A Primeira Turma do Supremo Tribunal Federal (STF) formou nesta quinta-feira (11) uma maioria de votos para condenar o ex-presidente Jair Bolsonaro (PL) e mais sete aliados na ação penal da trama golpista. A maioria foi formada com o voto da ministra Cármen Lúcia.
Com o entendimento da ministra, o placar pela condenação de todos os réus está em 3 votos a 1. Falta o último voto, que será proferido em seguida pelo ministro Cristiano Zanin, presidente do colegiado.
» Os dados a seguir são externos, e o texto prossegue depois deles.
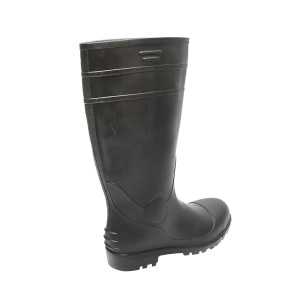 Cizme de protectie din PVC negre cu bombeu otel marimea 40 005GB, Cod: BK90915 - Img 6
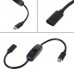 Cable de extensión USB-C tipo C macho a hembra con Interruptor ON/OFF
Nas duas sessões anteriores, Alexandre de Moraes e Flávio Dino manifestaram-se pela condenação de todos os réus. Luiz Fux absolveu Bolsonaro e mais cinco aliados e votou pela condenação de Mauro Cid e o general Braga Netto pelo crime de abolição do Estado Democrático de Direito.
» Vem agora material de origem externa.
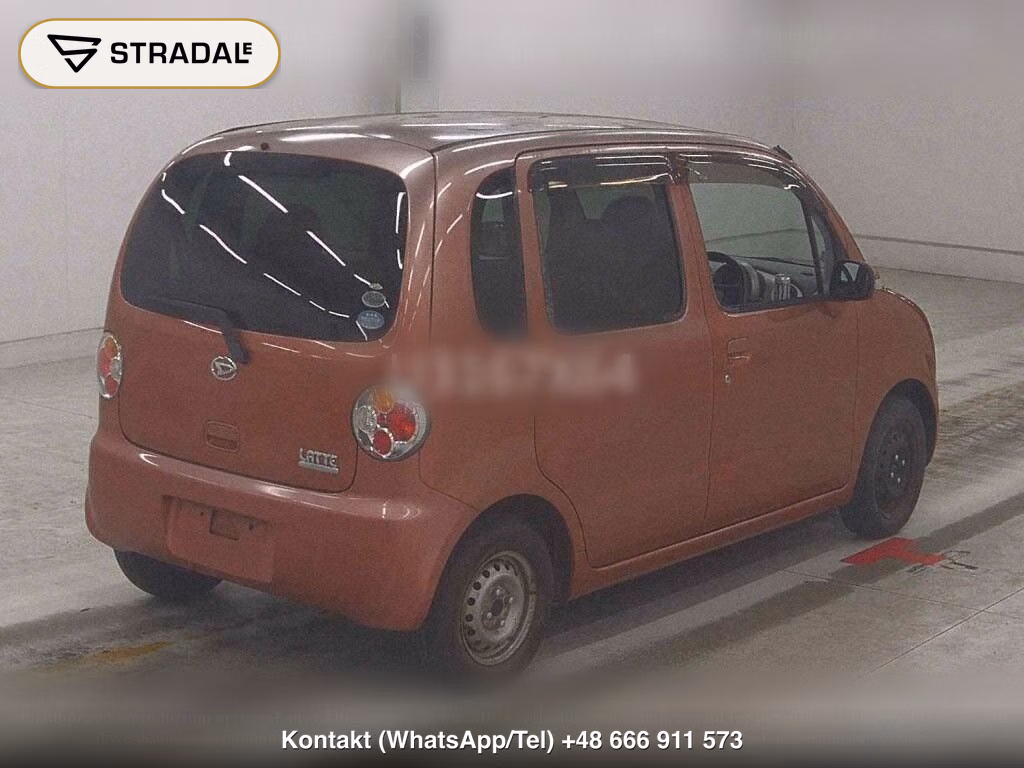 DAIHATSU MOVE LATTE, miniaturka 6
O tempo de pena de Bolsonaro e dos outros sete réus ainda não foi anunciado e será definido ao final dos votos dos ministros, numa fase chamada de dosimetria. Em caso de condenação, as penas podem chegar a 30 anos de prisão em regime fechado.
Voto de Cármen Lúcia
Em sua manifestação, a ministra disse que o julgamento da trama golpista remete ao passado do Brasil, com rupturas institucionais.
“O que há de inédito nesta ação penal é que nela pulsa o Brasil que me dói. A presente ação penal é quase um encontro do Brasil com seu passado, com seu presente e com seu futuro na área das políticas públicas dos órgãos de Estado”, afirmo.
Cármen Lúcia também destacou que Bolsonaro e os demais réus não podem questionar a legitimidade da Lei 14.197/21, norma que definiu os crimes contra a democracia e que foi usada pela Procuradoria-Geral da República (PGR) para fundamentar a acusação.
A norma foi sancionada pelo ex-presidente e os réus Anderson Torres, Braga Netto e Augusto Heleno, ex-integrantes do governo. “Não é apenas legitima [a lei], como ainda não se pode dizer que se desconhecia que tentaram atentar contra a democracia. Quatro dos oito réus são exatamente os autores, os que têm a autoria do autógrafo”, disse Cármen Lúcia.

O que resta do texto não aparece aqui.